I had a single domain with 2000+ articles on a wide range of topics. For several reasons, I decided to split this site into several smaller, distinct sites, each on a separate domain name.

I use a PHP script to redirect traffic from the old site to the new. I determined that there were too many redirects to place and manage in .htaccess so I used PHP / MySql to handle this. The redirect is a 301.

<?php header("HTTP/1.1 301 Moved Permanently"); header("Location: http://example.com/some-page"); ?>

The Problem

It's been nearly 8 months now since I moved everything around. While Google has picked up all the new sites and is actively indexing them, the old site index still contains the URL for the pages which were moved. The confusing thing is it's got the meta title and description from the new site!

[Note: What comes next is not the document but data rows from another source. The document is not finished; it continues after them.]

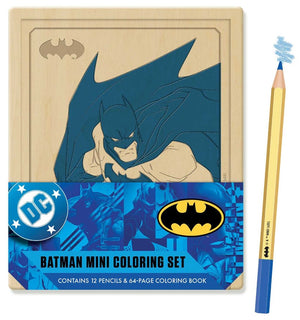BATMAN MINI COLORING SET TPB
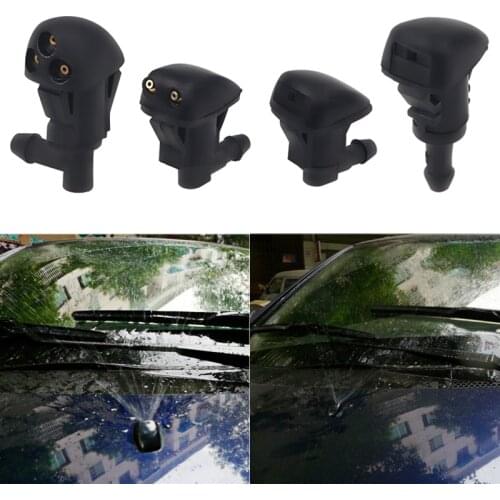 4 Models for Dodge Jeep Toyota car rain nozzle windshield washer wiper sprinkler for Chevrolet Cruze Chrysler wiper accessories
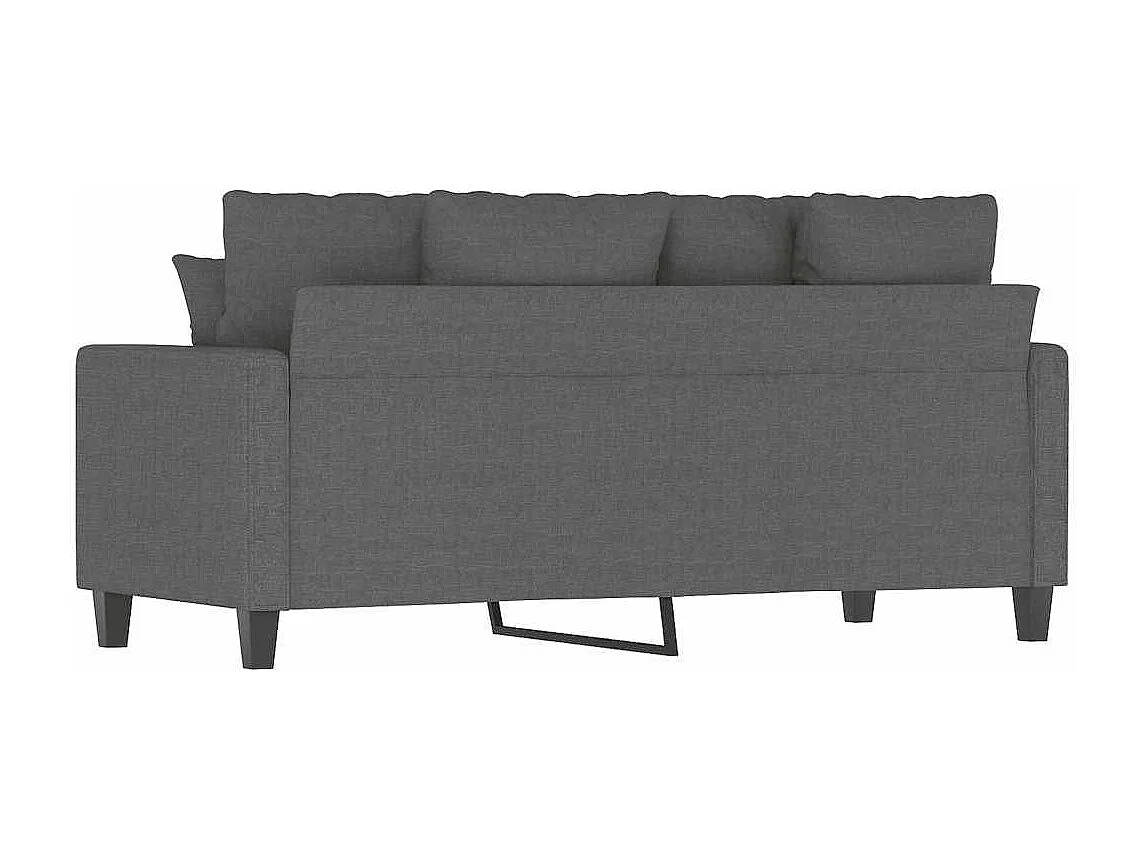 Divano a 2 Posti Grigio Scuro 140 cm in Tessuto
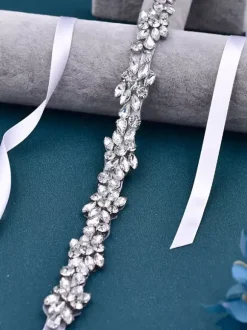 Bridal Rhinestone Belt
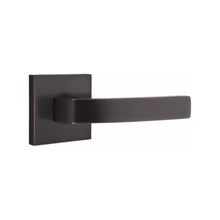 Load image into Gallery viewer, BRESLIN (BRL) PRIVACY (BED/BATH) LEVER WITH 2-3/8" BACKSET AND 1/4" ROUND FACEPLATE AND STRIKEPLATE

The old page title had a distinct name which is not present on the listed pages, and the listed pages contain the name of the new site.

If I search for an exact page title it appears the same on the old and new sites. Clicking on the old site result correctly performs a redirect to the new.

Example Listing:

Page Title For Example Page | My New Domain (shows as example.com)

Page Title For Example Page | My New Domain (shows as my old domain name)

I've checked the response codes using an online redirect checker and it all looks good.

The Questions

How do I get Google to automatically remove the links indexed on the old site. Is it just a matter of time, or is something going on with the redirects. There are too many to manually remove using the webmaster tools.

Since the pages appear twice, are Google likely to be penilising me for duplicate content?

I can provide domain names and examples if it helps to diagnose the problem.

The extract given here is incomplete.